When paracetamol does not work — and why
• Chronic pain syndromes (fibromyalgia, chronic low back pain, neuropathic pain): central sensitisation and non‑nociceptive mechanisms mean paracetamol often provides little benefit.
• Inflammatory pain where tissue inflammation is dominant: NSAIDs or disease‑specific treatments are usually superior.
• High‑intensity acute pain (severe fractures, major surgery) often requires stronger analgesics; paracetamol alone may be inadequate.
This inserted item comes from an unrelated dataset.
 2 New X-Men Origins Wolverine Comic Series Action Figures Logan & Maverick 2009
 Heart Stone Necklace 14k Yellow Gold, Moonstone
Safety, dosing and practical guidance
• Maximum recommended adult dose in the UK is 4 g per day for short periods; many clinicians advise 3 g/day as a safer upper limit for prolonged use, and lower doses for older or frail patients.
• Liver toxicity is the principal risk in overdose and with chronic excessive use, especially with regular alcohol intake or pre‑existing liver disease.
• Drug interactions are relatively few, but caution is needed with enzyme‑inducing drugs and in malnourished patients.
Clinical takeaways
• Use paracetamol for short‑term, mild–moderate nociceptive pain and fever.
• Combine with other modalities (NSAIDs, topical agents, physiotherapy, or opioids when appropriate) for better control and opioid‑sparing.
• Avoid routine long‑term monotherapy for chronic non‑inflammatory pain; reassess effectiveness and safety regularly.
• Respect dosing limits and seek medical advice if pain persists despite appropriate use.